- [TRY IT]:
Whatever comes before the line containing "Monitor the FLI" stays out; transcribe that line and all that follow to the end of the records exactly, with no pictures.

(Dataset items)
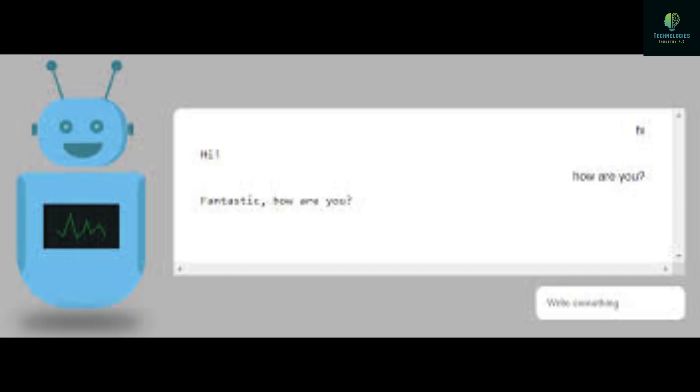What is chatbot technology? Description: A computer program that simulates a human conversation over voice commands or text chats or both is called a chatbot. This is a software application used to provide direct contact with a live human agent.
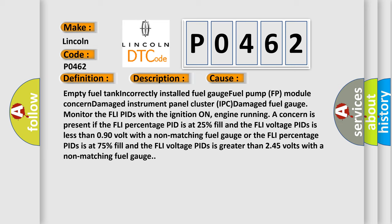Monitor the FLI PIDs with the ignition on and engine running. A concern is present if the FLI percentage PID is at 25% fill and the FLI voltage PIDs is less than 0.90V with a non-matching fuel gauge, or the FLI percentage PIDs is at 75% fill and the FLI voltage PIDs is greater than 2.45V with a non-matching fuel gauge.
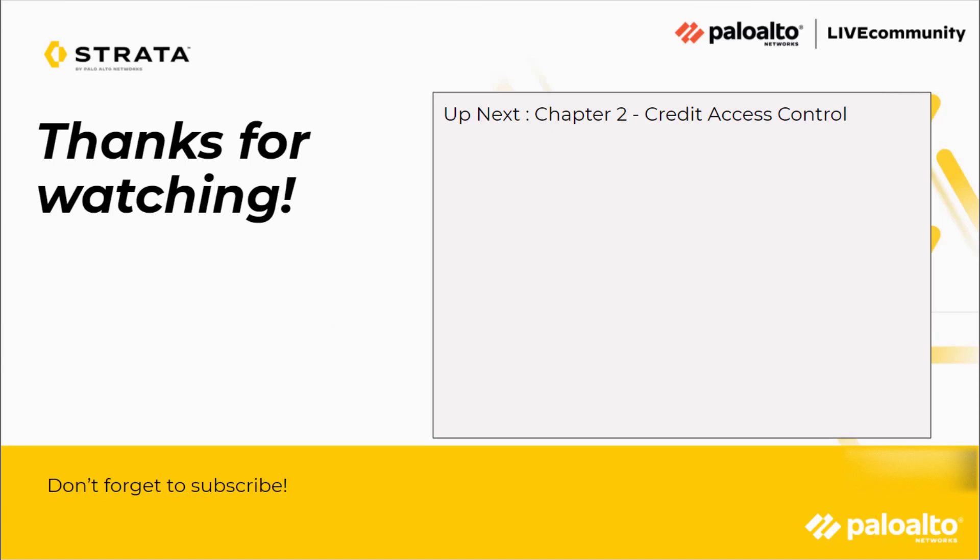Thanks again for watching. Don't forget to subscribe and like the video if you liked it, and we hope you have a great day.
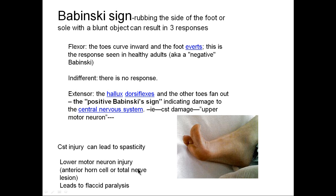A lower motor neuron injury — whether to the anterior horn cell or peripheral nerve — leads to flaccid paralysis. For example, the motor components of the radial nerve innervating the triceps are considered lower motor neurons or lower motor axons, part of the final common pathway. The pathway runs: corticospinal tract → anterior horn cell → axons making up nerves such as the radial nerve → muscles such as the triceps. Those are lower motor neurons with different clinical signs from upper motor neuron lesions.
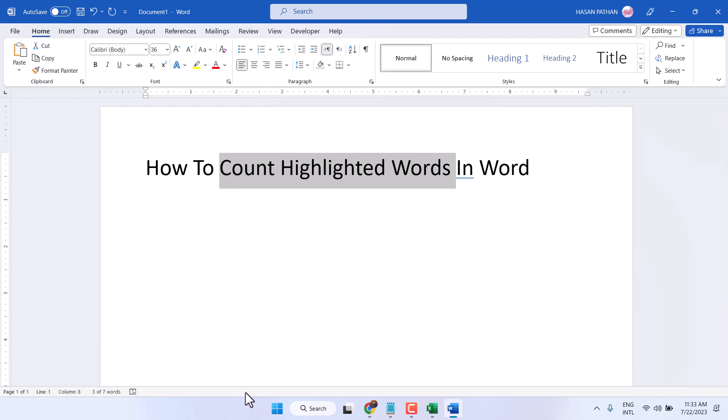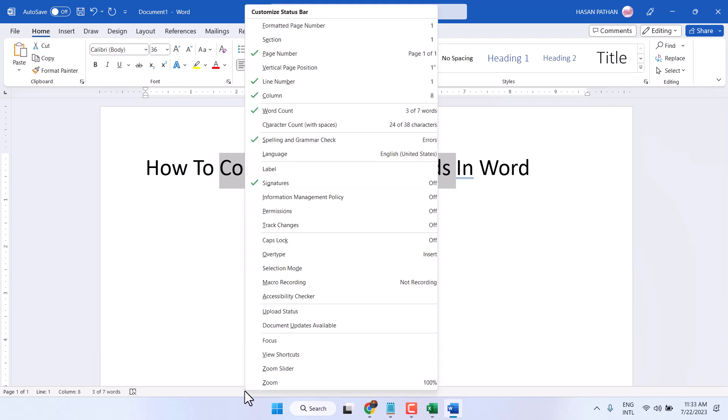Right click on this status bar, and here select this option, Word count.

- [ANSWER BOX]:
Monitor the FLI PIDs with the ignition on and engine running. A concern is present if the FLI percentage PID is at 25% fill and the FLI voltage PIDs is less than 0.90V with a non-matching fuel gauge, or the FLI percentage PIDs is at 75% fill and the FLI voltage PIDs is greater than 2.45V with a non-matching fuel gauge.
Thanks again for watching. Don't forget to subscribe and like the video if you liked it, and we hope you have a great day.
A lower motor neuron injury — whether to the anterior horn cell or peripheral nerve — leads to flaccid paralysis. For example, the motor components of the radial nerve innervating the triceps are considered lower motor neurons or lower motor axons, part of the final common pathway. The pathway runs: corticospinal tract → anterior horn cell → axons making up nerves such as the radial nerve → muscles such as the triceps. Those are lower motor neurons with different clinical signs from upper motor neuron lesions.
Right click on this status bar, and here select this option, Word count.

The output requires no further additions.